13 Reasons Why returns with another controversial but compelling season


Last year, Netflix original 13 Reasons Why took high schools all around the world by storm. Based on the 2007 novel, the show had all the components for a classic, binge-worthy high school show: drama, parties, romance, etc. But the show mixed in a few more ingredients- suicide, sexual assault, stalking, bullying, and more- that made for a shocking, controversial show.

Season one introduced viewers to the world of Hannah Baker (Katherine Langford) and her thirteen tapes. Having endured gross mistreatment since she first joined Liberty High School, Hannah was driven to end her life. Before her death, she arranged for 13 tapes to be distributed to 13 individuals she believed contributed to the decline of her mental health; each tape corresponded to the story of one of the 13 individuals, told from Hannah’s perspective. Season one followed main character Clay Jensen (Dylan Minnette) as he received the tapes and processed the suicide of the girl he loved.

Following its booming success, 13 Reasons Why announced a season two, which came out recently. Season two branches out from the tapes; the plot is now framed around the trial Hannah’s mom has pursued against the school for the role- or rather lack of role- they played in her suicide as a result of their repeated negligence.

For a story that met its end within a season, I thought the further development of the plot and characters was amazing. When a season two was announced, I was with the many who disparaged the dragging out of the show– after all, there was only one book, and it ended with the tapes. But, season two successfully tied up loose ends and continued to expand up the original 13 Reasons Why universe. For instance, I felt like the darker side of the tapes was never addressed in the first season. Objectively speaking, the tapes were a deeply emotionally manipulative thing, regardless of the atrocities exposed on them. However, I think season two helped to address that flaw in the tapes, and also the weight of suicide itself, by depicting how broken the community and its individuals truly were in the aftermath of Hannah’s passing.

With the expansion of the 13 Reasons Why world, the characters within it also experienced greater evolution. I really liked that; season one was predominantly about Hannah’s story, told by Hannah. Season two provided a platform for the other characters’ perspectives and stories, which was an interesting ride for viewers. The character development of Hannah and Clay was especially compelling as the show revealed the flawed and more human sides of its protagonists.

Moreover, I think there were things that were missed or not quite emphasized in season one that were finally acknowledged in this season: racial issues, the selfishness of suicide, and also Hannah’s crumbling mental state. Especially with that last one, season one focused perhaps too greatly on the external events occurring around and to Hannah. Yes, the things that Hannah endured were horrendous, but Hannah was clearly also dealing with internal, mental issues- like depressions and anxiety- that contributed to her eventual suicide.

But what first launched 13 Reasons Why to notoriety was its brazen- and what some might call reckless or misguided- depiction of quite heavy and delicate topics. Many denounced the show for its take on such topics as suicide and rape, especially because of the controversial and graphic nature of some of the season one scenes.
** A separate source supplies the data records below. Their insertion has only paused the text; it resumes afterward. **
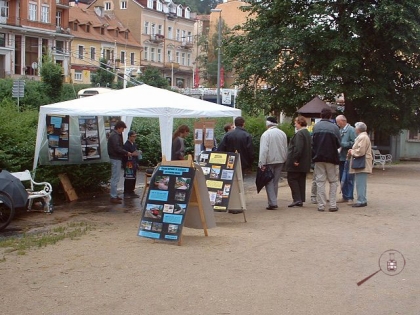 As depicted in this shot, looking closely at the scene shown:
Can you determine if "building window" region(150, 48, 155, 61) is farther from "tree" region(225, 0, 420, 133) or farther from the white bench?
the white bench

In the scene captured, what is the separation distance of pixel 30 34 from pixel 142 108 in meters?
64.9

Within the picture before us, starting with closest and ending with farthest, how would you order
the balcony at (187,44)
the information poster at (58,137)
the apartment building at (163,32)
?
the information poster at (58,137) < the apartment building at (163,32) < the balcony at (187,44)

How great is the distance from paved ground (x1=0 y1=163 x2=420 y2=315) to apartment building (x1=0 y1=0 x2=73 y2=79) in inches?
2374

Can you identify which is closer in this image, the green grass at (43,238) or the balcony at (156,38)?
the green grass at (43,238)

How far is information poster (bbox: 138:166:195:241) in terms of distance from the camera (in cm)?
920

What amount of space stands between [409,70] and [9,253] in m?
19.8

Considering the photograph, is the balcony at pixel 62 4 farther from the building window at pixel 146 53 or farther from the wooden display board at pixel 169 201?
the wooden display board at pixel 169 201

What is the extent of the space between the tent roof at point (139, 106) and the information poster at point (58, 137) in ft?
2.97

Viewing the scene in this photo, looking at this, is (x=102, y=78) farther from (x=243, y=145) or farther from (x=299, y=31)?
(x=243, y=145)

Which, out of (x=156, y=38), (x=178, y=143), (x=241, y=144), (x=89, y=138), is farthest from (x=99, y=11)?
(x=241, y=144)

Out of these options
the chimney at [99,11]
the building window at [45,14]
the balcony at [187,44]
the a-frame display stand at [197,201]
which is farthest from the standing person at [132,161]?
the balcony at [187,44]

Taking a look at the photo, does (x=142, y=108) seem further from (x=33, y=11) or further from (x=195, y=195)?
(x=33, y=11)

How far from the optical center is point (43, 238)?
9.68 metres

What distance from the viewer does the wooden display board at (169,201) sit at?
920 centimetres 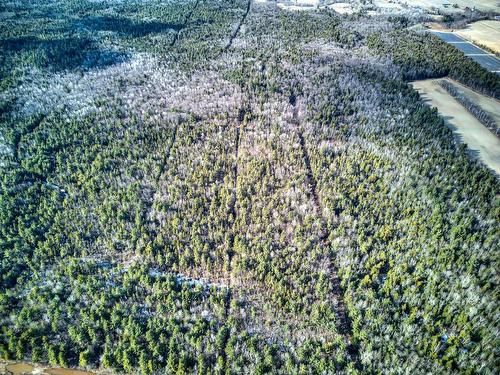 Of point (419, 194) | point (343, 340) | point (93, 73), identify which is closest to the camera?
point (343, 340)

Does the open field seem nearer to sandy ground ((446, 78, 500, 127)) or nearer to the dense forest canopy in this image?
the dense forest canopy

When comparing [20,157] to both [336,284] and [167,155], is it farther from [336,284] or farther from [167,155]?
[336,284]

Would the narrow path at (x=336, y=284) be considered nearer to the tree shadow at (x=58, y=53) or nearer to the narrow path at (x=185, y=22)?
the tree shadow at (x=58, y=53)

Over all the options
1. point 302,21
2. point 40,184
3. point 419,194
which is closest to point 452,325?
point 419,194

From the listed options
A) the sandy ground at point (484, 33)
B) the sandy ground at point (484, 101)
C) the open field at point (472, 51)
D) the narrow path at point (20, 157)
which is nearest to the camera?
the narrow path at point (20, 157)

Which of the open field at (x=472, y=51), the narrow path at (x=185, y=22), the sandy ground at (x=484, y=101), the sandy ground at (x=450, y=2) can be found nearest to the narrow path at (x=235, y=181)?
the sandy ground at (x=484, y=101)

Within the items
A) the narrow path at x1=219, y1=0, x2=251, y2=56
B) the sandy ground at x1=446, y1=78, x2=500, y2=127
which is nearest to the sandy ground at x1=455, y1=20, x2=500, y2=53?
the sandy ground at x1=446, y1=78, x2=500, y2=127

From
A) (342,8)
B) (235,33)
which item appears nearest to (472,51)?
(342,8)

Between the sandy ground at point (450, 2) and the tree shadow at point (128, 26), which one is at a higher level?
the sandy ground at point (450, 2)

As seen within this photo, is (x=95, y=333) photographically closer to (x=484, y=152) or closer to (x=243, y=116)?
(x=243, y=116) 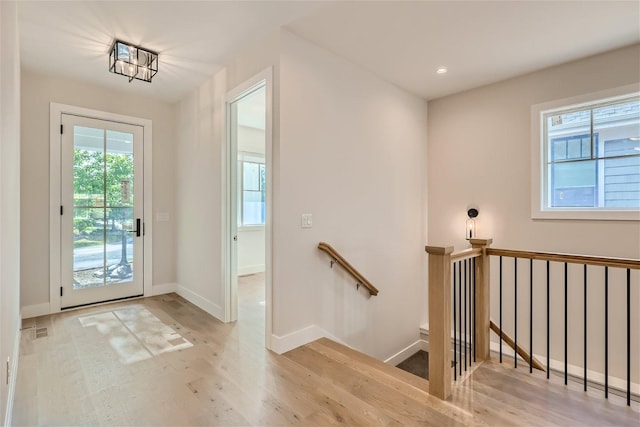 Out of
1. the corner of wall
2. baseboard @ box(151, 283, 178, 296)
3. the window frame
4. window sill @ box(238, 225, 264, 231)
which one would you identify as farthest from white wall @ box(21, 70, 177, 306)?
the corner of wall

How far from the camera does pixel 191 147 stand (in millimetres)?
4008

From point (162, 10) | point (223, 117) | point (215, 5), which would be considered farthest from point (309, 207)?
point (162, 10)

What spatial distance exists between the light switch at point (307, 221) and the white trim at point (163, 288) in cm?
256

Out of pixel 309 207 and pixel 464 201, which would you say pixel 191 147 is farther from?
pixel 464 201

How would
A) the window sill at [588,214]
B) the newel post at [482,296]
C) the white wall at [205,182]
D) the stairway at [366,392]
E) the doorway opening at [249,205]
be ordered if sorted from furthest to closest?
1. the white wall at [205,182]
2. the window sill at [588,214]
3. the doorway opening at [249,205]
4. the newel post at [482,296]
5. the stairway at [366,392]

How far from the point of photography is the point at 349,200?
3.26 metres

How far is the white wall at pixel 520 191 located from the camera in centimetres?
306

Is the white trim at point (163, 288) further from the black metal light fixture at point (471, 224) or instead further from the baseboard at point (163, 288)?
the black metal light fixture at point (471, 224)

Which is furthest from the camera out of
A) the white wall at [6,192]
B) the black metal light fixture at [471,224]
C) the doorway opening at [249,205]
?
the black metal light fixture at [471,224]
As such, I think the show creators attempted to mend some of their previous mistakes, beginning and ending each show with a reminder of where viewers can find suicide resources (13reasonswhy.info); additionally, there was an intro clip to the season advising those in crisis to refrain from watching or discuss with a trusted adult before preceding. While I’m sure the producers had good intentions, I still think there were some faults in the way the show addressed some of these topics. I understand failing to censor the portrayal of such difficult topics for the sake of inciting conversation and awareness. But in trying to preserve the authenticity of the narrative- of Hannah’s narrative- some of the characters’ actions could wrongfully be viewed as an example. The show creators were trying to tell a genuine story– so of course the character will not always do exemplary things. But with such sensitive topics being addressed with such an influential audience, that is a dangerous path to take, because what is right is not always so obviously indicated.

As for the graphic nature of season one, that was more or less topped in season two. Again, I understand the intent of little censorship, but I don’t know how I feel about its necessity. Sometimes messages can be delivered without the horrifying, explicit images.

As a whole, it was still nice to return to the show that captured the world’s attention a year ago. There’s no denying the tragedy of Hannah’s story and that of so many others like her, and despite the show’s clumsiness when addressing such awful and difficult topics, it successfully gave Hannah the voice she so sought after, and in turn, hopefully did so for many others as well.